● **Problem statement**
Write out, word for word, every line in the data below from the one containing "Başkan König’den Nürnberg’de" to the one containing "Детский место размер", both of them included.

BEGIN Information provided

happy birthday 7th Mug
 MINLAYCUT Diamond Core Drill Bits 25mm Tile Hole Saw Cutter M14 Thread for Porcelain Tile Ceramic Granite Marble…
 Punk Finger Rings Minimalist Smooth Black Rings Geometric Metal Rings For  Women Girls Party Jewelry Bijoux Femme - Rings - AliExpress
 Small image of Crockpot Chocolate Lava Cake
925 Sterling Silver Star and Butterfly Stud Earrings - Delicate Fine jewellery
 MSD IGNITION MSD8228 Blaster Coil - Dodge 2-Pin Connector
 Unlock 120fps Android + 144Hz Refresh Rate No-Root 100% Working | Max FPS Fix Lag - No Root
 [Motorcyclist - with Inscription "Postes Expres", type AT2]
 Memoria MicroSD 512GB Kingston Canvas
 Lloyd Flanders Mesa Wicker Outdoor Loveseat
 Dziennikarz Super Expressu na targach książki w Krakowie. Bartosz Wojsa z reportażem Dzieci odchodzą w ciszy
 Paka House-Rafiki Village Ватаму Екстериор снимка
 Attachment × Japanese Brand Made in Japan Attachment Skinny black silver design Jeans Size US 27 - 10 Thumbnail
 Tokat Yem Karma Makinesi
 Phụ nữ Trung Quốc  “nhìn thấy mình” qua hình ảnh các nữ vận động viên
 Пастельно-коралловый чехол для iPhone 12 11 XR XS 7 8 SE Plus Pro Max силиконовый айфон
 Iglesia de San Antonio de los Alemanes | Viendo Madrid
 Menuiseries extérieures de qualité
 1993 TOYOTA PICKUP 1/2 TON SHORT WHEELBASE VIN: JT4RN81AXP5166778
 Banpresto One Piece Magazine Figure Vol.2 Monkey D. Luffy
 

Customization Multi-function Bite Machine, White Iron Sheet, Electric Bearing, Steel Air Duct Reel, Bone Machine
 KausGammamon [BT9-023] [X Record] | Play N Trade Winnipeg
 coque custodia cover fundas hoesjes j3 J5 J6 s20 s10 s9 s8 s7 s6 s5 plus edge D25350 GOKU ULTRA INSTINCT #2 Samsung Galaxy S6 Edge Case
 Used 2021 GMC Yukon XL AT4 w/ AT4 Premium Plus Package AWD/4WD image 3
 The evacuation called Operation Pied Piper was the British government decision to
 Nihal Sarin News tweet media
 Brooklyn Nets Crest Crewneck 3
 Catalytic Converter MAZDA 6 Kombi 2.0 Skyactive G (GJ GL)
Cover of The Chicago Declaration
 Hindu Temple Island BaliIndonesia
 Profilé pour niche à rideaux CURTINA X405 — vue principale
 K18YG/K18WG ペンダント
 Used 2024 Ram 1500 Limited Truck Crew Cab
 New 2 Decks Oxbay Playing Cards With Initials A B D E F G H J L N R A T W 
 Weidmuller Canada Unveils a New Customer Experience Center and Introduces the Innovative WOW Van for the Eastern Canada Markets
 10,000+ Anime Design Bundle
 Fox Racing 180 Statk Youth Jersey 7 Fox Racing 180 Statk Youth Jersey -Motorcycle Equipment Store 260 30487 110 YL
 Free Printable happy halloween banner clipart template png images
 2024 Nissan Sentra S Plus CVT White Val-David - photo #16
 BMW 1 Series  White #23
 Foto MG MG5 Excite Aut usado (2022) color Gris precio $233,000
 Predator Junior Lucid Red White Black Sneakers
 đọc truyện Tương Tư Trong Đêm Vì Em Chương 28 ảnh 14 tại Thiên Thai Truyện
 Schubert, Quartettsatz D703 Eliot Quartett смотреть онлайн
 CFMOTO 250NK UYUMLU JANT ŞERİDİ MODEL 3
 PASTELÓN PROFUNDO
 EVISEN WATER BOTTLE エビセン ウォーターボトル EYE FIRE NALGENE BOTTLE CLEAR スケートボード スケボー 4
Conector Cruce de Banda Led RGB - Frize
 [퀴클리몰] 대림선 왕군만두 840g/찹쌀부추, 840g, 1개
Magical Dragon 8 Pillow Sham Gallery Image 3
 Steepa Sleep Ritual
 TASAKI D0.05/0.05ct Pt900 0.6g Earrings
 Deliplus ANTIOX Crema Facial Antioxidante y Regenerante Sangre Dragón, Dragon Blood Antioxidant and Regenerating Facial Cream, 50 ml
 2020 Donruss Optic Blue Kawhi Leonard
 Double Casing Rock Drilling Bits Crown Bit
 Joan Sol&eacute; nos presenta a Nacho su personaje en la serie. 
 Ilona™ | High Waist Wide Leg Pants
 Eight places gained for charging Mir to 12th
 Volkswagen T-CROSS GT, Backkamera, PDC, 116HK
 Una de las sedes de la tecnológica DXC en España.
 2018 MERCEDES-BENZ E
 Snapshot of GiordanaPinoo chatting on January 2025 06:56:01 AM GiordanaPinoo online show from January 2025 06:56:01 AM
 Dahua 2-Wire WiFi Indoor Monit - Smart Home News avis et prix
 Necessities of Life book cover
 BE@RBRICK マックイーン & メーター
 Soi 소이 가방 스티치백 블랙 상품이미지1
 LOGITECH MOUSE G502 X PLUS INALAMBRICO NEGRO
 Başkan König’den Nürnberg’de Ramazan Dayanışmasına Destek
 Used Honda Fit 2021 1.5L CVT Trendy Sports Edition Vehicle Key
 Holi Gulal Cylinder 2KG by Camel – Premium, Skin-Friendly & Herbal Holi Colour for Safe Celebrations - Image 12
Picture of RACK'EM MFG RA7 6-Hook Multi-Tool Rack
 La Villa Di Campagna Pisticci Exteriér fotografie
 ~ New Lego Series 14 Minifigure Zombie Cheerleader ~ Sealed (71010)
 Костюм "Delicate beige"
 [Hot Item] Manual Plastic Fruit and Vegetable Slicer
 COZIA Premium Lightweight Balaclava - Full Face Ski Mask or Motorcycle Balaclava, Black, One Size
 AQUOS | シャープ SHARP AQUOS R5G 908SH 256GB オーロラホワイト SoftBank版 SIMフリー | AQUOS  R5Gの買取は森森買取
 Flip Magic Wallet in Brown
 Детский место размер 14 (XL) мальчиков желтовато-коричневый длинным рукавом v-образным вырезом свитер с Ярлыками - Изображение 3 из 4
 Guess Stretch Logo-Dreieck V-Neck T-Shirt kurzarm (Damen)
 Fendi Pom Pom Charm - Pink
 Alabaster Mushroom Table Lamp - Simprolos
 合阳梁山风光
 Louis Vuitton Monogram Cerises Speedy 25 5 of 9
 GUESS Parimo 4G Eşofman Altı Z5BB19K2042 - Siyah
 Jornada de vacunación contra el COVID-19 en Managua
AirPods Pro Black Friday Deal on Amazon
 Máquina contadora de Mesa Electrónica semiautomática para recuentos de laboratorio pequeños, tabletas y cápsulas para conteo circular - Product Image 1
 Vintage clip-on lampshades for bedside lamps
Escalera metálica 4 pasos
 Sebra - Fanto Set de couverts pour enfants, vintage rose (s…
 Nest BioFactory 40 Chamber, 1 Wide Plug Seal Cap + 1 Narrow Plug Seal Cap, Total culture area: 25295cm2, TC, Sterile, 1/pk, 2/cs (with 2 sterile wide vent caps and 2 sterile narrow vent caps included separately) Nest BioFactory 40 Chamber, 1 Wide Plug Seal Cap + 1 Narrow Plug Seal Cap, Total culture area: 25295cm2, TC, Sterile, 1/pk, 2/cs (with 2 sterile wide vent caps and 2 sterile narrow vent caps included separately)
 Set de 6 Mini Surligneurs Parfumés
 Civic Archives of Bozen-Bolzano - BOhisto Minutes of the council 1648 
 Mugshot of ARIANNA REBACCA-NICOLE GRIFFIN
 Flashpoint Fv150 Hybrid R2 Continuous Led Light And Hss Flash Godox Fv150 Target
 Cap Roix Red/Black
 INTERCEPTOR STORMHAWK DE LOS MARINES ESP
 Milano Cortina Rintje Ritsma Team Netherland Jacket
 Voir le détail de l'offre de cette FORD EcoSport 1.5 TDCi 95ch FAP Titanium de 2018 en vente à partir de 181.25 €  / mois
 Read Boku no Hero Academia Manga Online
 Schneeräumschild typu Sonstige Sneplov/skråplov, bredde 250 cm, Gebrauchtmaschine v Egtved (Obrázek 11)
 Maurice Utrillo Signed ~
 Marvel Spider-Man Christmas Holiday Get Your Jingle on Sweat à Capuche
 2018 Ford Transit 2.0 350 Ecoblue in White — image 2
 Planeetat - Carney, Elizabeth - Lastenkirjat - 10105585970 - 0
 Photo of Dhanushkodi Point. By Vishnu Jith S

END Information provided

● **Your solution**
 Başkan König’den Nürnberg’de Ramazan Dayanışmasına Destek
 Used Honda Fit 2021 1.5L CVT Trendy Sports Edition Vehicle Key
 Holi Gulal Cylinder 2KG by Camel – Premium, Skin-Friendly & Herbal Holi Colour for Safe Celebrations - Image 12
Picture of RACK'EM MFG RA7 6-Hook Multi-Tool Rack
 La Villa Di Campagna Pisticci Exteriér fotografie
 ~ New Lego Series 14 Minifigure Zombie Cheerleader ~ Sealed (71010)
 Костюм "Delicate beige"
 [Hot Item] Manual Plastic Fruit and Vegetable Slicer
 COZIA Premium Lightweight Balaclava - Full Face Ski Mask or Motorcycle Balaclava, Black, One Size
 AQUOS | シャープ SHARP AQUOS R5G 908SH 256GB オーロラホワイト SoftBank版 SIMフリー | AQUOS  R5Gの買取は森森買取
 Flip Magic Wallet in Brown
 Детский место размер 14 (XL) мальчиков желтовато-коричневый длинным рукавом v-образным вырезом свитер с Ярлыками - Изображение 3 из 4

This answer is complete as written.